Basic Life Positions. Thomas Harris expounds on four basic life positions. Here is a synopsis of his book.

0 - 1. I'm Not Okay, You're Okay. There is no initiative. The individual is over-dependent. This is the universal position of infancy.

0 - 0. I'm Not Okay, You're Not Okay. Babying days are over. The phase where frustrations exists, thus the individual can at times be irritable. There is also a disorientation of values.

1 - 0. I'm Okay, You're Not Okay. Person having seconds thoughts. Loopholes, crime -prone. Person experiences comfort being alone.

1 - 1. I'm Okay, You're Okay. There is commonality. Thus verbal decisions are possible.

The first three positions are based on feelings. The "Why" of things. The fourth position is based on thought, faith and action. The "Why Not?" of things.


Sections: Relationship | Transactional Analysis | Ego States | Teamwork | Communication

Ego States

Ego States. There are three ego states. The Parent or the taught-concept of life, the Adult or the thought-concept of life and the Child or the felt-concept of life.

 Parent Ego State. This is the period before social birth of the individual. Borrowed standards are already with this state which include record of the set of early experiences unique to a person, admonitions, rules and laws the child heard from parental communications. This state also exhibits fidelity of the recording of inconsistency, thus a positive multiplied by a negative surely equates to a negative, e.g., parents say, "Don't Lie, son" but they lie. Judgmental in an imitative way.

 Adult Ego State. This state is concerned with transforming stimuli into pieces of information and processing and filing that information into the banks of previous experiences. During early days, usually the state is fragile or tentative, as in adolescence.

 Child Ego State. The state of seeing, hearing, feeling, and understanding bodies of data. Vast store of positive data, such as creativity, curiosity, desire to explore and to know, urge to touch, feel or experience. Also includes recordings of glorious pristine feelings of first discoveries.

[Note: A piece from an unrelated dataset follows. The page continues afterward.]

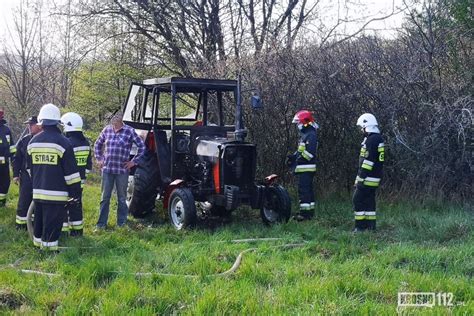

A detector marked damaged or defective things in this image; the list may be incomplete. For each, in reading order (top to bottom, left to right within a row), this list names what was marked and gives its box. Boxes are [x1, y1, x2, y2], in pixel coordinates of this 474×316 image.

burnt tractor cab [124, 76, 290, 230]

 Usually when we are adults, most of us are into the Adult Ego state, which is updated, while our Parent and Child ego states are archaic. But during decision-making, we retrieve the recorder information from our Parent and Child ego states, while when we relate to others we usually send and record information to our Parent and Child ego states. We cannot erase the recording but we can turn it off.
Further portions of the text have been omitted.